→ **TASK DETAILS**
In the data that follows, find the line with "Batería para Nokia BV-L4A"; transcribe it, every later line up to the one with "Plinthe LED Moderne", and that line as well, exactly and with no others.
Start of DATA EXTRACT
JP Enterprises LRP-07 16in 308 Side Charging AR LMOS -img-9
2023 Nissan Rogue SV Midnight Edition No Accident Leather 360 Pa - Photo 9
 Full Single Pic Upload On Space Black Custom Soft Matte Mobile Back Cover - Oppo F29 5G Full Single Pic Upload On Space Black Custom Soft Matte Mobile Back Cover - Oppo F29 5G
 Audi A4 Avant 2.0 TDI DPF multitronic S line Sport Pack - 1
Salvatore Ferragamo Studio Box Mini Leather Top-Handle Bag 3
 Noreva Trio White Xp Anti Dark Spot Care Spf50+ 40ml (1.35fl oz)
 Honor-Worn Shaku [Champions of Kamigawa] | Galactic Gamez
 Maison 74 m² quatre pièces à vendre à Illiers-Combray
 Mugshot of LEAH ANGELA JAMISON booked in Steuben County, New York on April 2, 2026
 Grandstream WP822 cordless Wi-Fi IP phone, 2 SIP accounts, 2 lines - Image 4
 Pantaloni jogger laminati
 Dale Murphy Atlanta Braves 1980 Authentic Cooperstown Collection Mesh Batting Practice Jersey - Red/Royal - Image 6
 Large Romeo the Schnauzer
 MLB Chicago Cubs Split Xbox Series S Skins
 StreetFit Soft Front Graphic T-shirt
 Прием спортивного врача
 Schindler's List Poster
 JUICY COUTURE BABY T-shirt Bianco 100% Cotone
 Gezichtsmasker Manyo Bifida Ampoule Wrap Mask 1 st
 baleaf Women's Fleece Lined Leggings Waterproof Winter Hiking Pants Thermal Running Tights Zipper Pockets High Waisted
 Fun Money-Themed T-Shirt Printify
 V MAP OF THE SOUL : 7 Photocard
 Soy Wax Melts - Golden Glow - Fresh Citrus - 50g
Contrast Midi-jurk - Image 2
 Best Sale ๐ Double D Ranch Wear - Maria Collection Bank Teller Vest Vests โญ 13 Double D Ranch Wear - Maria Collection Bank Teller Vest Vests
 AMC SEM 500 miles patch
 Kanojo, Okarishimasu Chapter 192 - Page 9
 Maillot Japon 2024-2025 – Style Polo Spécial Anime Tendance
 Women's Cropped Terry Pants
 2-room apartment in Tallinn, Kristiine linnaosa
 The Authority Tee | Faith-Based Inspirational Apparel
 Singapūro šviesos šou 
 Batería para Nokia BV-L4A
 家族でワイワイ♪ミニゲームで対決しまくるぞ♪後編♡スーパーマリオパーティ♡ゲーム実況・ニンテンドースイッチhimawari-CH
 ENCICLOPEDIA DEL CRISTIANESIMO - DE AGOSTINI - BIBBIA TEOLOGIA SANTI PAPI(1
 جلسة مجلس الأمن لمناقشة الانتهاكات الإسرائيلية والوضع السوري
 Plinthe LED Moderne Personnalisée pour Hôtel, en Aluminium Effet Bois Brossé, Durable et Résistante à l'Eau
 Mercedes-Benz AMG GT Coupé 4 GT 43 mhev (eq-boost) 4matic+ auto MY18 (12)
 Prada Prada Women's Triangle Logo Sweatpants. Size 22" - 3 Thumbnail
End of DATA EXTRACT
→ **RESPONSE AREA**
 Batería para Nokia BV-L4A
 家族でワイワイ♪ミニゲームで対決しまくるぞ♪後編♡スーパーマリオパーティ♡ゲーム実況・ニンテンドースイッチhimawari-CH
 ENCICLOPEDIA DEL CRISTIANESIMO - DE AGOSTINI - BIBBIA TEOLOGIA SANTI PAPI(1
 جلسة مجلس الأمن لمناقشة الانتهاكات الإسرائيلية والوضع السوري
 Plinthe LED Moderne Personnalisée pour Hôtel, en Aluminium Effet Bois Brossé, Durable et Résistante à l'Eau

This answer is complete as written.